Every proxy will have its own sub-folder within the MTree (the folder will be created during the repository creation wizard in VBR):

/data/col1/su-itlabvbr01-ddboost/proxy_01
/data/col1/su-itlabvbr01-ddboost/proxy_02
/data/col1/su-itlabvbr01-ddboost/proxy_n

This is key to maintain backup file separated and to not create any kind of inconsistences in VBR database.

Configuring VBR repositories

As said above, there will be one repository for each proxy processing VMs data so the following step has to be repeated for each proxy in the infrastructure.

  1. Start the repository configuration wizard, select ‘Deduplicating storage appliance’ and then ‘Dell EMC Data Domain’:

dd repo conf 1
  1. Name each repository including the name of the proxy that will access it (it will be easy to identify the extent once it will be part of the Scale-out Backup Repository):

dd repo conf 2
  1. Type in Data Domain hostname and select the proxy that will access the repository:

dd repo conf 3
  1. Browse the storage units and create the folder where the proxy (and its gateway server) will write backup files:

dd repo conf 41
dd repo conf 42
  1. Select the same server for the mount server role as well, in this way all the traffic related to this extent will be isolated and will pass through the same server for both read and write:

dd repo conf 5
  1. All the repositories needed to create the Scale-out Backup Repository are now configured. Review the configuration and make sure the MTree path is correct and every repository contains the directory where the gateway server will write the backup files:

dd repo conf 6
  1. For each repository configure the proxy affinity to avoid unnecessary traffic between the proxies (all the proxies must reach directly their backup repository without using a different gateway server):

dd repo conf 7

Setting up Scale-out Backup Repository

The Scale-out Backup Repository is needed to keep the management as simple as possible and to not manually assign backup jobs to a single backup repository (and therefore to a single proxy – loosing all the benefits of the parallel processing).

  1. Name the Scale-out Backup Repository:

dd sobr 1
  1. Add the extents:

dd sobr 2
  1. Set the Scale-out Backup Repository in ‘Data Locality’ mode for a better distribution of the backup file with the extents:

dd sobr 3

Creating backup jobs

Backup jobs can be configured point the Scale-out Backup Repository and they will benefit of the parallel processing at maximum scale: VMs can be processed using all the proxies available and each proxy will write backup data directly on its extent.

  1. Create the backup job and use the Scale-out Backup Repository as repository leaving proxy selection algorithm to automatic (Data Domain suggested tweaks will be set automatically):

dd backup job configuration 1

Working with Veeam Agents

VAW

Veeam Agent for Windows supports Dell EMC Data Domain Boost and it can write backup passing through the gateway servers.

The same architecture mentioned above can be used:

dd VAW 1

VAW jobs will use the same Scale-out backup Repository used for VMs backup.

The suggested backup mode, like any other VM job targeting a Data Domain, is incremental with synthetic full as it will be performed moving existing blocks.

VAL

Things for Linux agents are slightly different as VAL does not support yet DDBOOST.

To overcome this limitation, it is recommended to create a dedicated MTree that will be used as NAS repositories.

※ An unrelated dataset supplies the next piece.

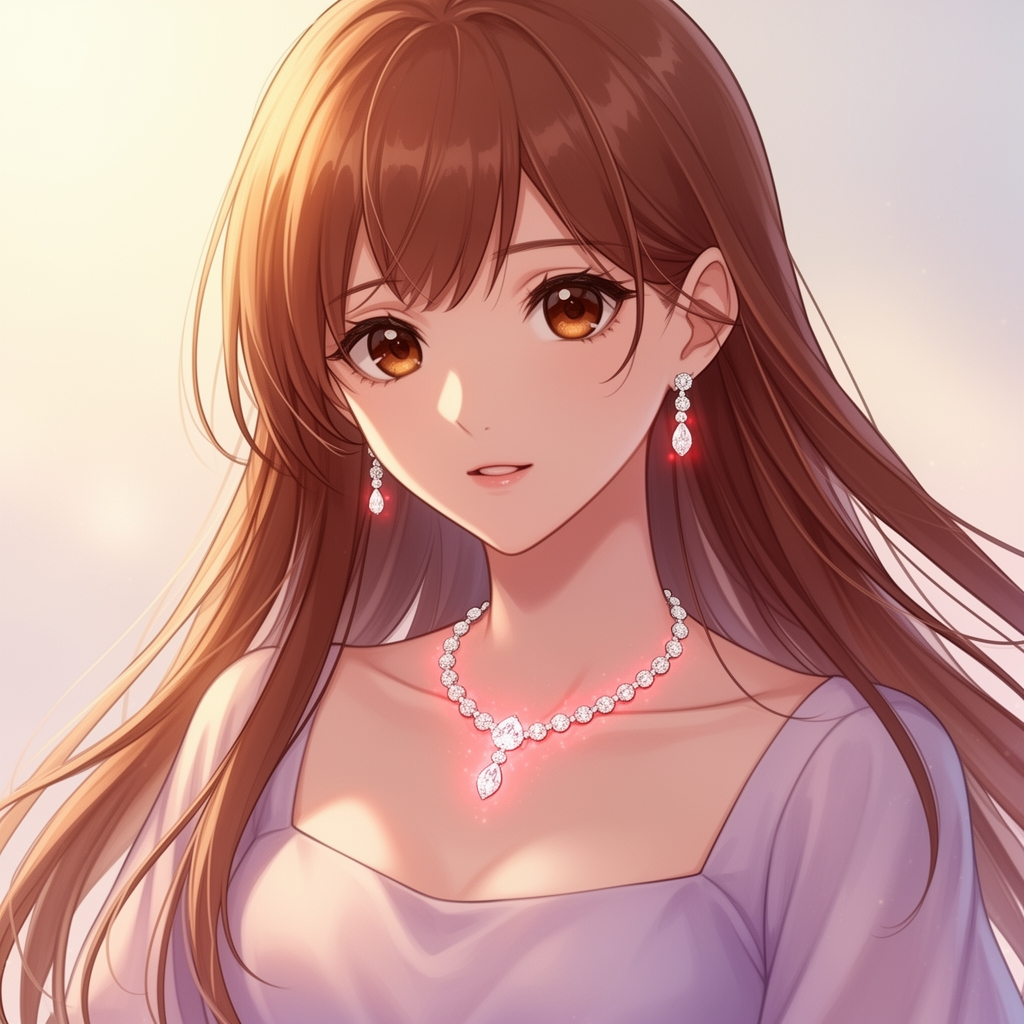 یک دختر با موهای بلند و زیبا عسلی و چشمانی عسلی زیر گونش قرمز مایل به صورتی یک گردن بند از الماس و گوشواره هایی از الماس3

Even though Data Domain supports multiple protocols on the same MTree, it is not recommended: at the first repository rescan, having the same data accessible from different repositories the entire backup catalog would be imported twice (or even more times).

Depending on the number of agents deployed it is possible to leverage the same scalable architecture using either multiple gateways, each one with its own backup repositories (a sub-folder within the same MTree) or simplifying a little bit the architecture using just one repository and leaving the gateway selection to automatic.

dd VAL 1

Regarding the data transfer, it will benefit of Veeam’s compression only. The deduplication will happen asynchronously, as soon as the backup files will be written on the Data Domain.

The backup repository, that will be created as NAS repository, must be properly set. Veeam provides auto-configuration for all the different kind of supported repositories. However, in this case a general SMB share will be used and all the advanced attributes must be manually set according to the Best Practice guide recommendations.

As there is no DDBOOST integration, the suggested backup mode is incremental with Active weekly full. To tune properly backup jobs, follow Veeam’s Best Practice dedicated section.

Data Domain uses a single dedupe domain so no matter how many MTree will be used, all the data written into it will be deduplicated globally.